A food production system that is too localized will not only yield inferior crops, it will make food more expensive, critics say.

“There is (a) reason why we import bananas from Costa Rica,” said Pierre Desrochers, a geography professor at the

University of Toronto. “There is a reason why you … export corn and soybeans to other countries. You specialize in what you do best.”

Still, the influence of the local food movement has attracted some younger farmers, particularly those without a farming background, to try their hand at produce production, industry leaders say.

Take for example Krista Kane Witzig, 27. The tea store manager never thought much about where her food came from until she started reading works about the disconnect between community and food production by scholars such as Wendell Berry.

Now she is interested in farming, but “only as much as it’s going to help people,” she said

The Logan Square resident hopes to start a farm in the city within a year or two that would provide natural food to an underserved community.

“They are the same demographic as the people who are starting new tech companies … coffee companies, beer companies,” said Mike Sands, senior associate of the Liberty Prairie Foundation a sustainability nonprofit that helps beginning farmers. “They just happen to pick farming.”

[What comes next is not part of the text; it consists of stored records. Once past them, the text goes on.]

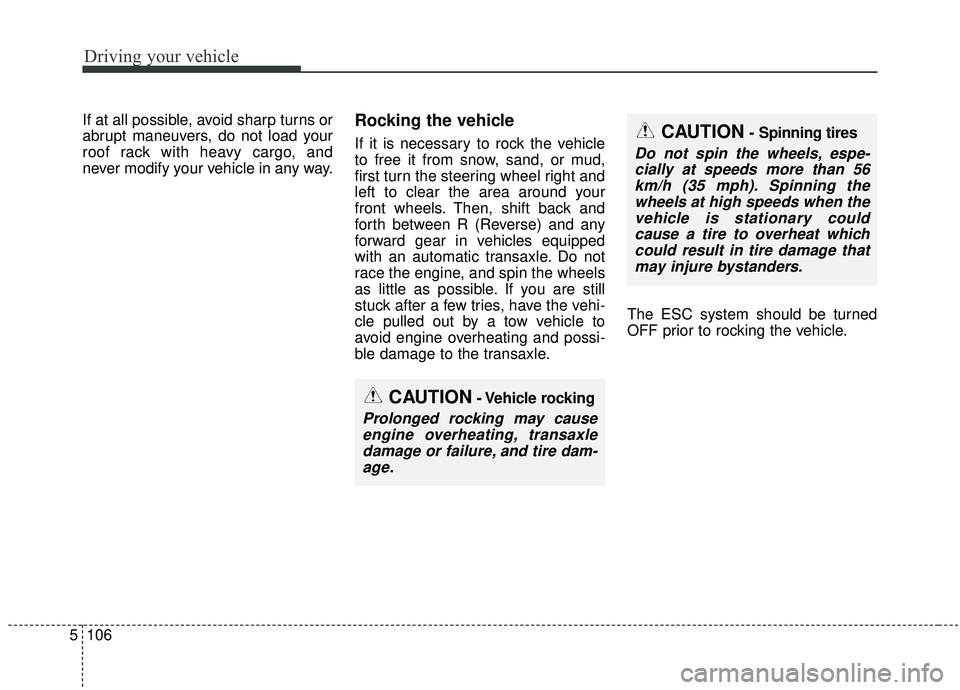 KIA SEDONA 2019  Owners Manual Driving your vehicle
106
5
If at all possible, avoid sharp turns or
abrupt maneuvers, do not load your
roof rack with heavy cargo, and
never modify your vehicle in any way.Rocking the vehicle
If it is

In recent years, nonprofits have capitalized on the local food movement and new federal funding to train fruit and vegetable farmers. The 2008 farm bill authorized funding for a U.S. Department of Agriculture program aimed at increasing training and opportunities for beginning farmers and ranchers.

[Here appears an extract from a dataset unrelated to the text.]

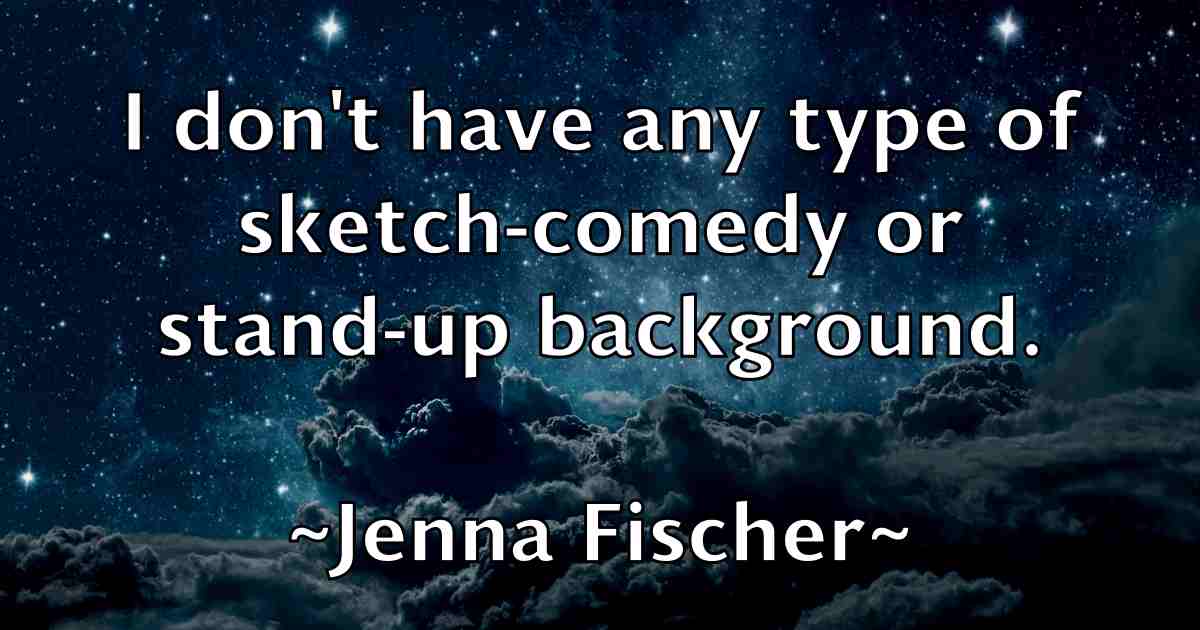 /images/quoteimage/jenna-fischer-fb-376204.jpg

The USDA has awarded Illinois organizations more than $2 million for new farmer training programs for the 2012 fiscal year, according to the agency. By contrast, the government dished out more than $438 million in the 2012 fiscal year for crop insurance premium subsidies for Illinois farmers.

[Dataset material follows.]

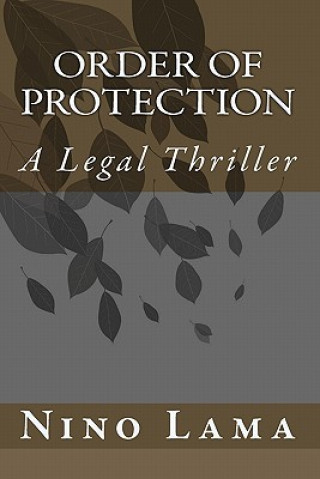 Kniha Order of Protection: A Legal Thriller Nino Lama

The USDA awarded specialists at the University of Illinois and the Illinois Migrant Council about $632,000 to put on a yearlong workshop for beginning farmers once a month for three years. The program, which started in December, serves a total of about 100 people at three locations in the state, said Richard Weinzierl, director of the program.

“We need to replace a lot of farmers or all farms are going to continue to get much larger,” Weinzierl said. “In Illinois, we made the case that there is a particular need because there is growing demand for local produce.”

On a recent Saturday, about two dozen students crowded around their instructor, Bill Shoemaker, as he demonstrated how a folded notecard could be used to pour seeds into a container of soil.

“I do a lot of my seeding like that,” he told the students. “You don’t have to be fancy to be good at some of this stuff.”

In 2006, the Liberty Prairie Foundation started the Farm Business Development Center at Prairie Crossing, a program that leases about 30 acres of certified organic farming land inexpensively to beginning farmers to test their business model for up to five years.

Participating farmers also can rent equipment and draw on the expertise of an organic produce farmer who works the land nearby.

For Batchelder and Stark, the three years they have spent in the program helped them get their business off the ground.

After starting with an acre and a half of land and less than two dozen “shareholders,” or customers who buy their produce through a subscription, the couple now grow vegetables on about 7 acres and supply food for 70 shareholders.

Within the next two years, the couple hope to purchase or lease land in the Chicago area to grow vegetables for at least 100 shareholders.

“It’s not lost on us that organic vegetable farming is kind of a trend,” Stark said. “Everybody wants to go start a farm.”

But “as a reality, it’s way better and way worse than you could ever imagine,” she added.